Linear regression (OLS, assumptions)

The core idea

Linear regression models the relationship between one or more input features and a continuous target variable as a straight line (or hyperplane in multiple dimensions). Given features $x_1, x_2, \ldots, x_n$ , the model predicts:

$\hat{y} = \beta_0 + \beta_1 x_1 + \beta_2 x_2 + \cdots + \beta_n x_n$

The $\beta$ values are the coefficients — the model learns them from data. $\beta_0$ is the intercept (the prediction when all features are zero); each $\beta_j$ is the slope for feature $j$ .

Ordinary Least Squares (OLS)

The standard method for fitting a linear regression is Ordinary Least Squares (OLS): find the coefficients that minimize the sum of squared differences between the predicted and actual values.

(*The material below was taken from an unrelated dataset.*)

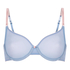 Roza Non-Padded Underwired Bra, Blue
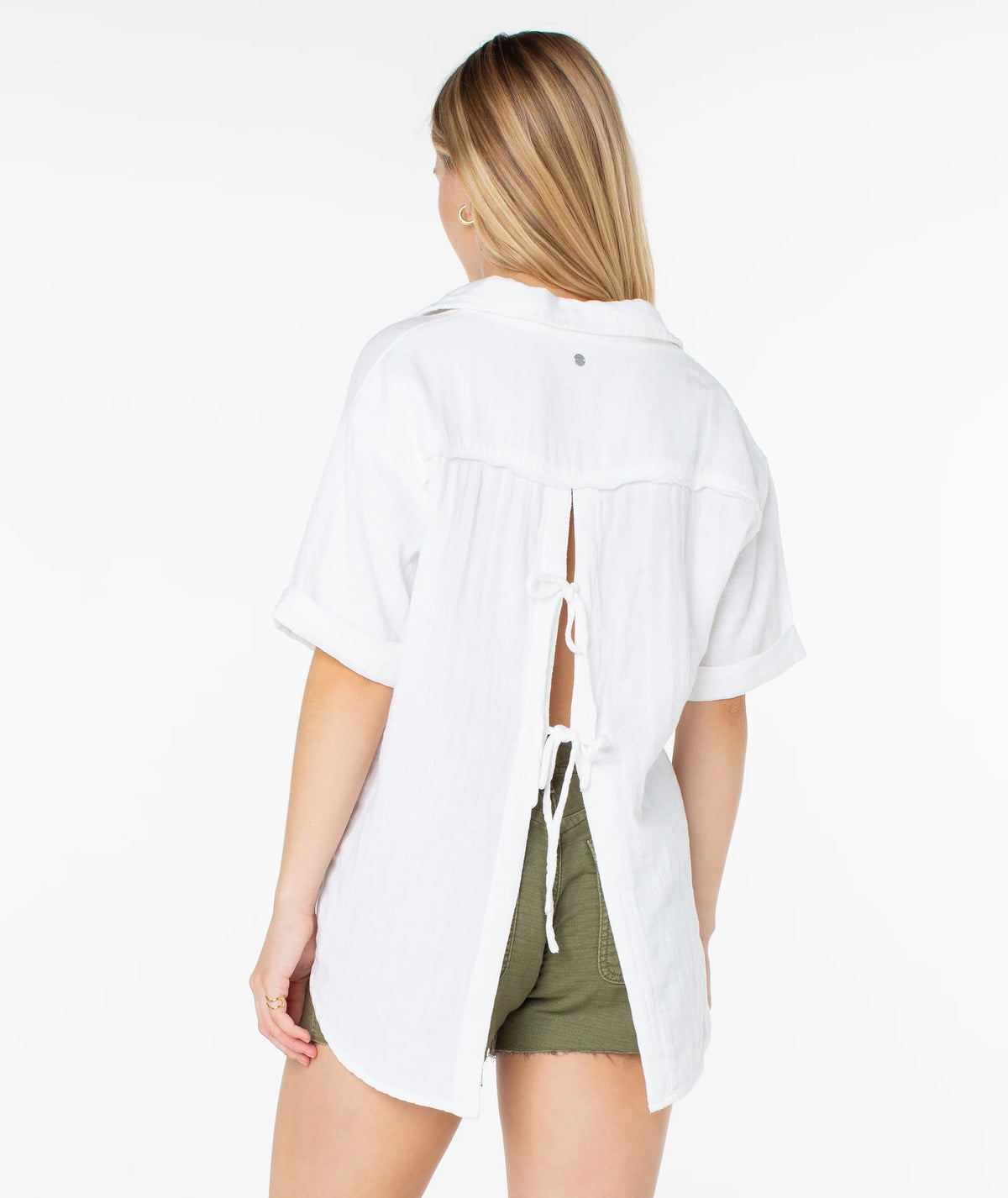 Roxy Maile Tie Gauze Shirt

$\text{minimize} \sum_{i=1}^{m} (y^{(i)} - \hat{y}^{(i)})^2$

OLS has a closed-form solution — no iteration required. In matrix notation, with $X$ as the feature matrix and $\mathbf{y}$ as the target vector:

$\boldsymbol{\beta} = (X^T X)^{-1} X^T \mathbf{y}$

This gives the exact optimal coefficients in one computation. For large numbers of features, gradient descent is used instead (the Normal Equation becomes expensive to invert).

The OLS assumptions

OLS has good statistical properties — unbiased, minimum variance — when its assumptions hold. These are worth knowing because violations lead to unreliable estimates or incorrect inferences.

1. Linearity. The true relationship between features and target is linear. If the actual relationship is curved, the model is systematically wrong.

2. Independence of errors. The residuals (errors) are not correlated with each other. Violated in time-series data, where observations close in time tend to be related.

3. Homoscedasticity. The variance of the residuals is constant across all values of the features. If errors are larger for higher predicted values (a "fan" shape in residual plots), inference is unreliable.

4. Normality of errors. The residuals are approximately normally distributed. This matters primarily for hypothesis tests and confidence intervals on coefficients, not for point predictions.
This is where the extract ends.